» Input data
# # # # #

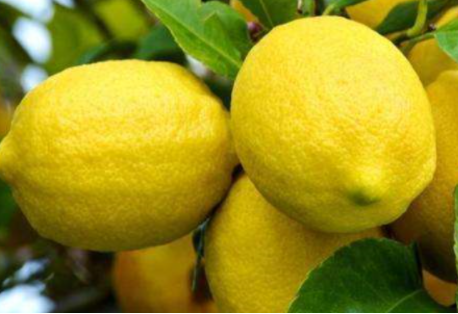 柠檬精是什么意思？
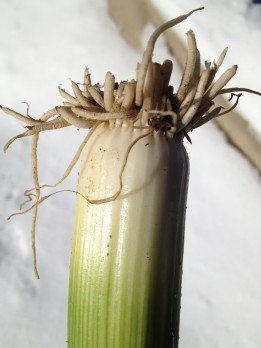 Dilbert's hairdo modeled after the humble leek -- who knew?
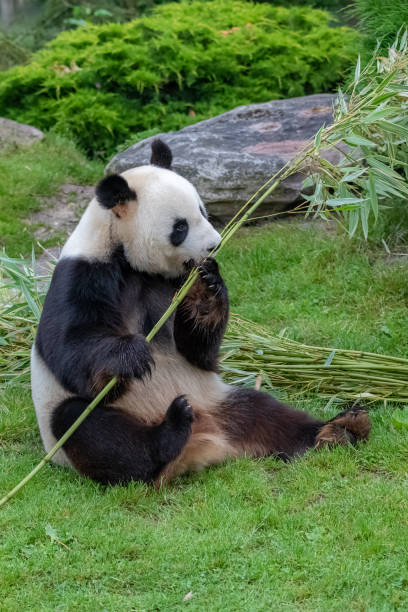 젊은 자이언트 팬더 - panda giant panda china eating 뉴스 사진 이미지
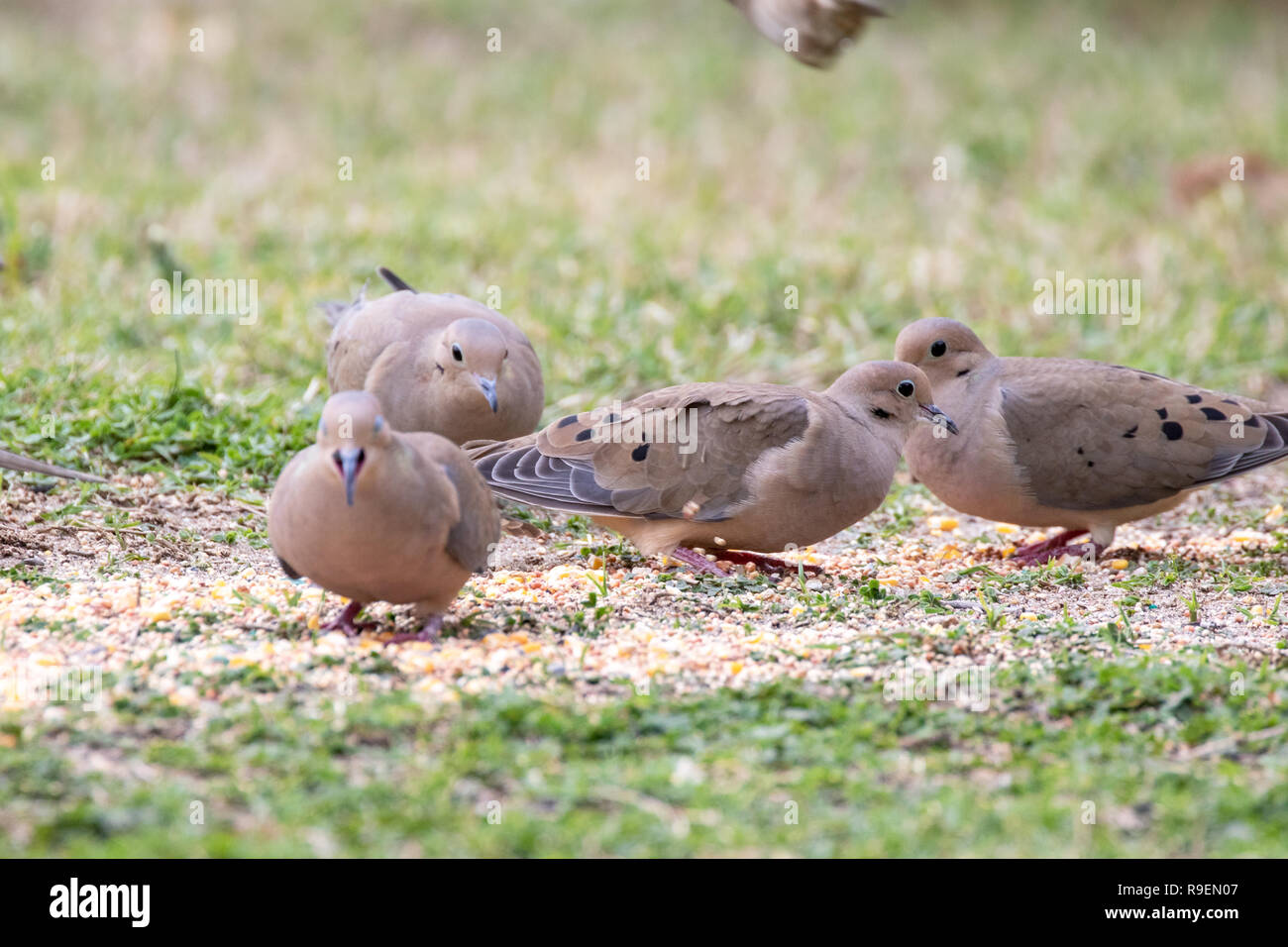 Mourning Dove, American Mourning Dove, Rain Dove - Zenaida macroura Stock Photo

# # # # #

» Work instructions
Could you reproduce exactly the lines running from the one with "젊은 자이언트 팬더 - panda" through the final line of the listing above, both included, and drop the pictures?

» Your solution
 젊은 자이언트 팬더 - panda giant panda china eating 뉴스 사진 이미지
 Mourning Dove, American Mourning Dove, Rain Dove - Zenaida macroura Stock Photo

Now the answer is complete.